In practice, the root filtering is:

- not reusable by itself through a dedicated backend API
- not expressed in the initial SPARQL query
- not controlled per request
- tied to the hierarchy layout engine choice

## Selection Queries Are A Different Mechanism

The repository also has separate selection-query endpoints:

- `backend_go/selection_queries/subclasses.go`
- `backend_go/selection_queries/superclasses.go`
- `backend_go/selection_queries/neighbors.go`

Those are used after nodes are already present in a graph snapshot and the user selects node IDs.

They are **not** the mechanism that initially builds the `BFO:entity` hierarchy used by the radial layout.

Their role is more like:

- "given selected node IDs in the current snapshot, query related triples"

not:

- "materialize the hierarchy rooted at `BFO:entity`"

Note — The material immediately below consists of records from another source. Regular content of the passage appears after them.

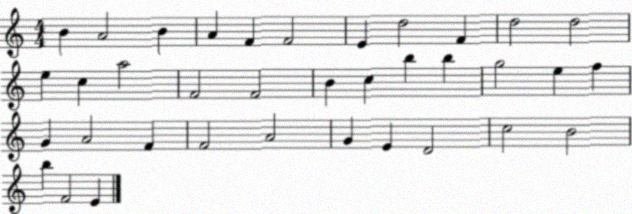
X:1
T:Untitled
M:4/4
L:1/4
K:C
B A2 B A F F2 E d2 F d2 d2 e c a2 F2 F2 B c b b g2 e f G A2 F F2 A2 G E D2 c2 B2 b F2 E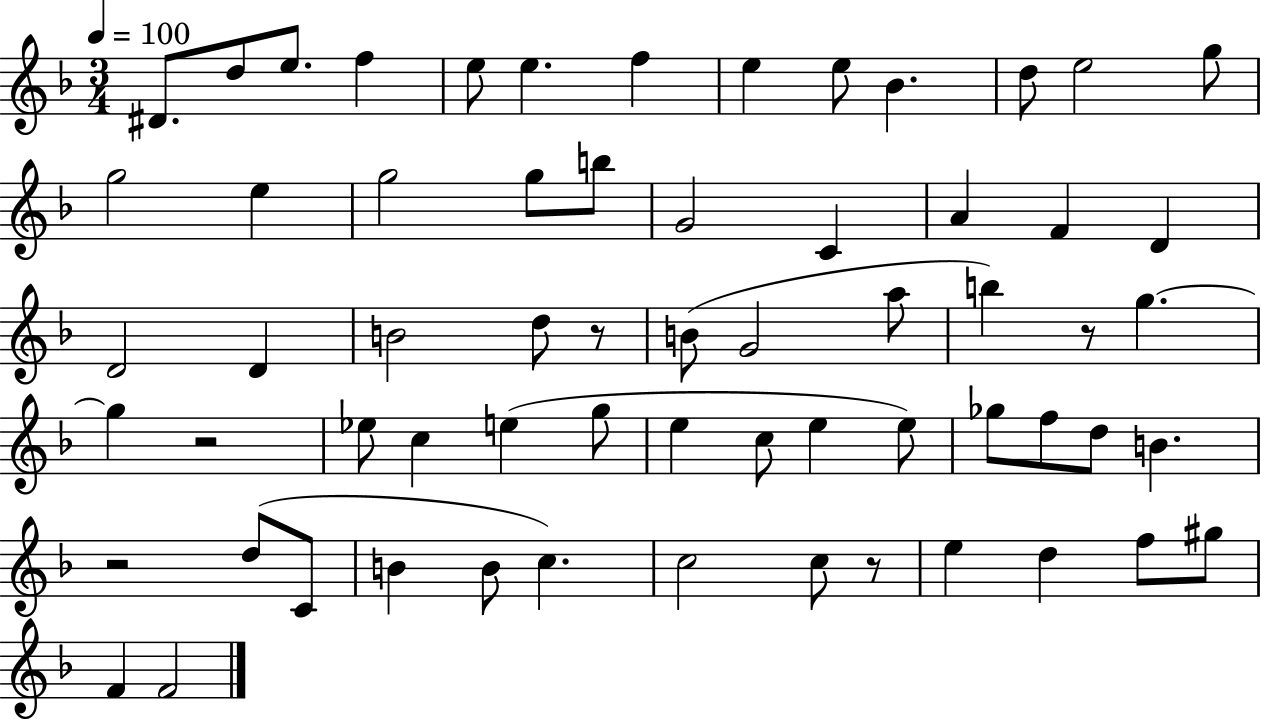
{
  \clef treble
  \numericTimeSignature
  \time 3/4
  \key f \major
  \tempo 4 = 100
  dis'8. d''8 e''8. f''4 | e''8 e''4. f''4 | e''4 e''8 bes'4. | d''8 e''2 g''8 | \break g''2 e''4 | g''2 g''8 b''8 | g'2 c'4 | a'4 f'4 d'4 | \break d'2 d'4 | b'2 d''8 r8 | b'8( g'2 a''8 | b''4) r8 g''4.~~ | \break g''4 r2 | ees''8 c''4 e''4( g''8 | e''4 c''8 e''4 e''8) | ges''8 f''8 d''8 b'4. | \break r2 d''8( c'8 | b'4 b'8 c''4.) | c''2 c''8 r8 | e''4 d''4 f''8 gis''8 | \break f'4 f'2 | \bar "|."
}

## Current End-To-End Behavior In One Sentence

The current system gets all `rdfs:subClassOf` triples first, constructs a general hierarchy graph, and only then filters it to the descendants of `http://purl.obolibrary.org/obo/BFO_0000001` inside the Rust radial Sugiyama bridge.

## Files To Read When Rewriting

If you want to rewrite this from zero, these are the main files that define the current behavior:

- `backend_go/server.go`
- `backend_go/snapshot_service.go`
- `backend_go/graph_snapshot.go`
- `backend_go/graph_queries/hierarchy.go`
- `backend_go/graph_export.go`
- `backend_go/hierarchy_layout_bridge.go`
- `backend_go/config.go`
- `.env`
- `radial_sugiyama/src/bridge.rs`
- `backend_go/selection_queries/subclasses.go`
- `backend_go/selection_queries/superclasses.go`

## Rewrite-Oriented Takeaway

If your goal is a cleaner standalone pipeline for:

- query `rdfs:subClassOf`
- start from `bfo:entity`
- materialize only the rooted descendant hierarchy

then the current codebase is doing the root restriction too late. Right now, that concern lives in the layout bridge rather than in the query/materialization layer.